Experiment 1 Basic Type of Data Structure

1. Introduction

1.1. The purpose of the experiment

This experiment mainly introduces the basic types, characteristics and basic representation methods of data structures. After studying, you can understand the concepts and representations of arrays, stacks, linked lists, queues, trees, graphs, heaps, hash tables, etc.

1.2. Knowledge points

  • Array
  • Stack
  • Linked list
  • queue
  • tree
  • Figure
  • heap
  • Hash table

2. Data structure classification

Data structure refers to a collection of data elements that have one or more relationships with each other and the relationship composition between data elements in the collection  .

Commonly used data structures are: array, stack, linked list, queue, tree, graph, heap, hash table, etc.

as the picture shows:

Each data structure has a unique data storage method. The structure, advantages and disadvantages of them are introduced below.

3. Overview of array structure

An array is a structure that can store multiple elements continuously in the memory, and the allocation in the memory is also continuous. The elements in the array are accessed through the array subscript, which starts from 0 .

For example, the following code is to assign 1 to the first element of the array.

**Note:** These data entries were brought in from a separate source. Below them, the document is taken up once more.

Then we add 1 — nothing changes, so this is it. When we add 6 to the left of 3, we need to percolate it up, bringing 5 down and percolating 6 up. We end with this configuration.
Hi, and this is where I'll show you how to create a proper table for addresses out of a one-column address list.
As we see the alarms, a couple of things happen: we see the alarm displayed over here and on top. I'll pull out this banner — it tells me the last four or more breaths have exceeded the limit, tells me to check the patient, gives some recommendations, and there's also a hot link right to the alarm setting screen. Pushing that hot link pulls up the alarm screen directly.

int[] data = new int[100]; data[0] = 1;

advantage:

  • Quickly query elements according to the index;
  • It is convenient to traverse the array according to the index.

Disadvantages:

  • After the size of the array is fixed, it cannot be expanded;
  • The array can only store one type of data;
  • Add and delete operations are slow, because other elements need to be moved.

Applicable scene:

  • Frequent queries, little storage space requirements, rarely increase and delete situations.

4. Stack structure overview

The stack is a special linear table , which can only be operated on one end of the linear table . Operation is allowed at the top of the stack, but not allowed at the bottom of the stack .

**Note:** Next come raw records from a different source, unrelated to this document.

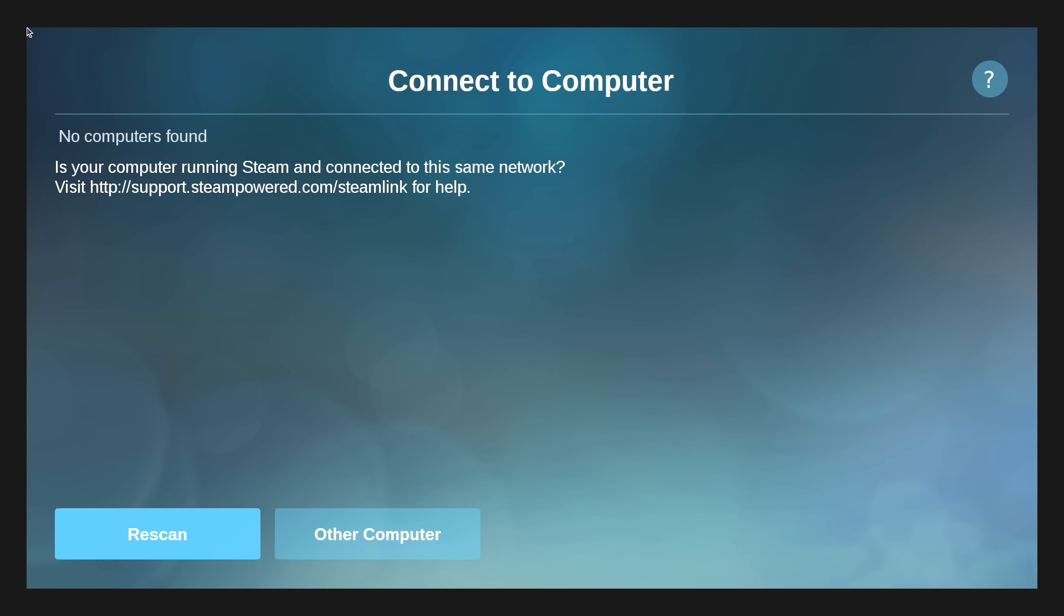No computers found, and that's because I don't have Steam up and running on my gaming PC. We're going to start up Steam and enable in-home streaming.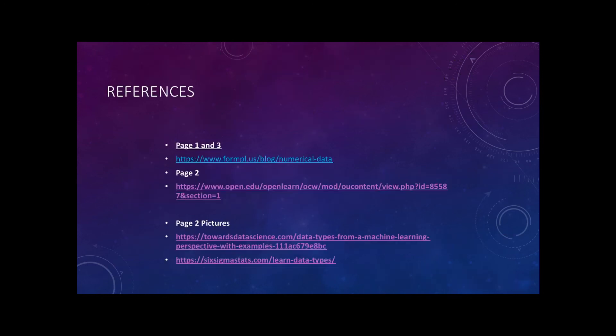Here are the references that I got my information from. Thank you.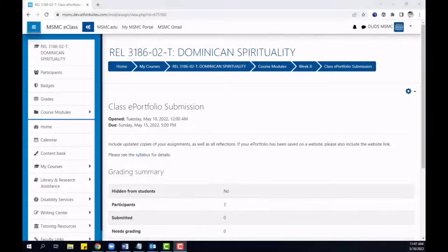Hello. In this brief video, we will walk through the steps of grading with rubrics in your eClass assignments.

The stack is characterized by first-in-last-out, or "last-in, first-out". The operation of putting elements from the top of the stack is called pushing into the stack, and removing elements is called out of the stack.

As shown below:

The structure of the stack is like a container. The first thing you put in, the later you can take it out. Therefore, the stack is often used in scenarios that implement recursive functions.

5. Overview of queue structure

The queue, like the stack, is also a linear list.

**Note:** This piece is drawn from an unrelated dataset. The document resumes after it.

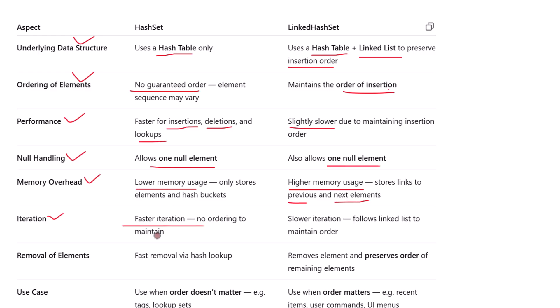When it comes to iteration, HashSet is typically faster since it doesn't need to consider order — it just iterates over the hash buckets. LinkedHashSet is slower in comparison because it has to walk through the linked list structure as well. That extra overhead makes iteration more predictable but slightly slower.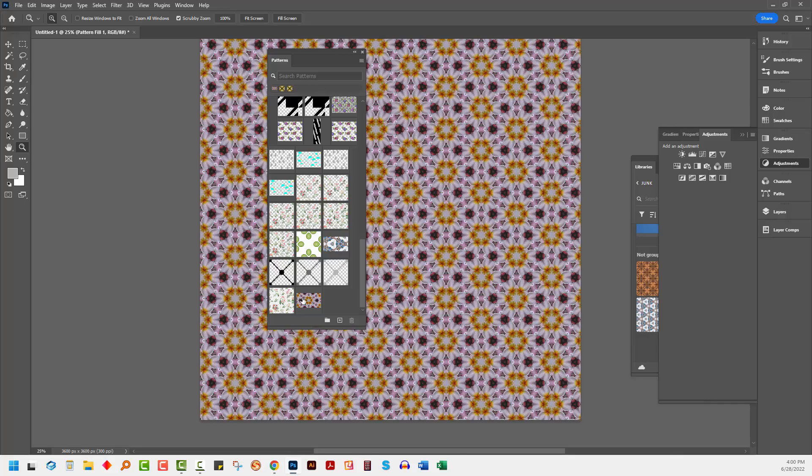So my pattern is 2660 pixels by 1536. Your pattern swatch is going to vary in size depending on how you created it inside that dialog. Different swatch types have different sizes. But once you've got the size written down,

The queue can add elements at one end and take out elements at the other end, that is, "first in, first out". The operation of putting elements in from one end is called enqueue, and taking out elements is dequeue.

The sample picture is as follows:

Usage scenario: Because of the first-in-first-out characteristics of queues , it is very suitable for multi-threaded blocking queue management .

6. Overview of Linked List Structure

A linked list is a non-contiguous, non-sequential storage structure on a physical storage unit .

The logical sequence of data elements is realized by the pointer address of the linked list;

Each element contains two nodes, one is the data field (memory space) where the element is stored, and the other is the pointer field that points to the address of the next node;

According to the direction of the pointer, the linked list can form different structures, such as singly linked list, doubly linked list, circular linked list and so on.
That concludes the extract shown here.